Looking at more recent case law, the judge broadly concurred. She agreed, so far as covering liabilities arising from negligence was concerned, the court should bear in mind a party is unlikely to have agreed to give up a valuable right it would otherwise have had without clear words.

However, no higher threshold than that was implied by the “inherent improbability” principle. It is not a pre requisite for express words to be used in an indemnity wording to exclude liabilities for negligence.

Accordingly, the PPI liabilities were indeed caught by the wording of the indemnities given on proper construction. Other contractual provision supported this construction. Of note was that elsewhere in the agreements, where the parties wanted to exclude liability for negligence, this was expressly stated. The construction made commercial business sense.

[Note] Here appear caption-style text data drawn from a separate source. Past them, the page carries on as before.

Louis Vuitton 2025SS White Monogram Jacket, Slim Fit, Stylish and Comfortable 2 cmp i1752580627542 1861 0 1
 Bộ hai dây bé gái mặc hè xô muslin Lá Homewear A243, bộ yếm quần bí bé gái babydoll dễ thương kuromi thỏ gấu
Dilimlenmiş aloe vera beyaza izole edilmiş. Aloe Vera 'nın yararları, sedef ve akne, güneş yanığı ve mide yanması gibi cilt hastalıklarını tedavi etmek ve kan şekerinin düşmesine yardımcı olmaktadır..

Cigna also argued PA (GI) could enforce the indemnities even though it was no longer in the corporate group to which the indemnities were given. The judge disagreed. On construction there was nothing to suggest such limitation by the language used.

It made common business sense for the indemnity to cover subsidiaries that were in the group when the indemnities were given, but left that group subsequently. Furthermore, PA (GI) could also sue directly further to the Contracts (Rights of Third Parties) Act 1999 because the indemnity agreements on construction permitted PA (GI) to sue under them.

The case confirms if a party wishes to ensure certain construction outcomes, clear language is absolutely needed. Of course, parties may not always fully appreciate what factual scenarios may play out following agreement. 

While not overruling the Canada Steamship case, and the principle of inherent improbability, the case makes clear an omission to state expressly certain types of liability are included within an indemnity will not necessarily be fatal to arguing they are.

Also, it is often the case contracting parties exclude operation of the 1999 act but in this case they did not. This is therefore a relatively rare example of a case where the act was deployed to support the enforcement of rights by, on its face, a third party to contractual agreements.